Definition of hypocrite
According to the Merriam-Webster dictionary hypocrite now means:
1 : a person who puts on a false appearance of virtue or religion
2 : a person who acts in contradiction to his or her stated beliefs or feelings
The word is actually derived from the ancient Greek language, which was widely spoken at the time of Jesus. It comes from the Greek word hypokritēs, which was used by the Romans of the time as well. (The evil King Herod ruled Judea at the time of the birth of Jesus and paid homage to the Roman empire.) By examining the old Greek meaning of the word, we can begin to understand that the impact of the term was far greater than today’s meaning would make it out to be.
Hypocrite in the bible
In the New King James Version of the bible, beginning in Luke 6:37, Jesus was explaining to the disciples that they weren’t to judge others, because that is God’s right, not man’s. (That is where the old saying of “Judge not, lest ye be judged” comes from.) He illustrates his point and in verse 42 says,
“Or how can you say to your brother, ‘Brother, let me remove the speck that is in your eye,’ when you yourself do not see the plank that is in your own eye? Hypocrite! First remove the plank from your own eye, and then you will see clearly to remove the speck that is in your brother’s eye.”
Notice His use of the word ‘hypocrite’ here. Using today’s meaning of hypocrite, the word fits, using the first definition from Merriam-Webster. It has even more meaning when a person considers what they actually meant by hypokritēs at the time.
The word’s literal meaning was “actor”. In those ancient times, the theater was something that was major. In fact, the theater was the main source of entertainment at the time. Most cities of the times had their own theaters, often patterned off the Colosseum of Rome. The plays were important to the culture in the region and the performers were all hypocrites, by direct definition.
If we used the same definition today, all actors and actresses in plays, on TV or in movies are literally hypocrites. (Many are considered to be hypocrites even using today’s definition.) That is the root meaning of the word hypocrite; someone who acts.
How is knowing this of any help in understanding the Bible and Jesus? I’m glad you asked.

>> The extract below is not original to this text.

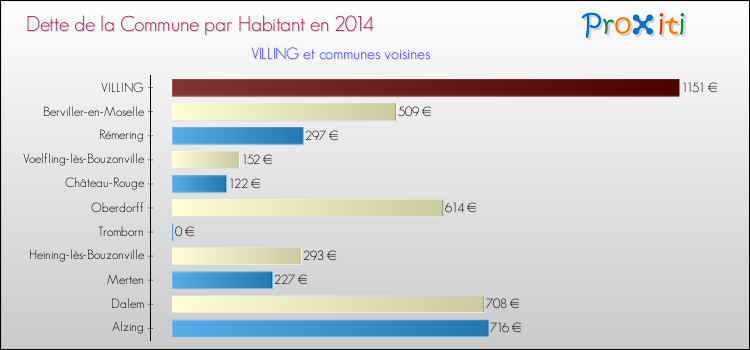 Dette par habitant de la commune en 2014 pour VILLING et les communes proches Comparaison de la dette par habitant de la commune en 2014 pour VILLING et les communes voisines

Consider this; Joseph was a Tecton. That was his profession. Though some people today try to equate this with being a carpenter, the profession was much more than that. A tecton designed and built buildings. He was a builder rather than a carpenter. In fact, most structures were built of stone and clay, rather than being made of wood. So Joseph was as much a stone mason as he was a carpenter.
When Jesus chose a human profession, it was naturally that of a tecton and he assisted Joseph. This is the reason people often think of Jesus as a carpenter, though a tecton was far more than a carpenter. Today, they would be called a master builder, capable of performing all parts of construction.
Naturally, this showed that Jesus was a strong man, a hard worker and that he was extremely intelligent. While it is tremendously unlikely that he partook in watching plays, there is little doubt that he was knowledgeable enough about them that he could easily use the terminology used in the entertainment industry of the time. For that matter, Joseph and Jesus helped construct theaters.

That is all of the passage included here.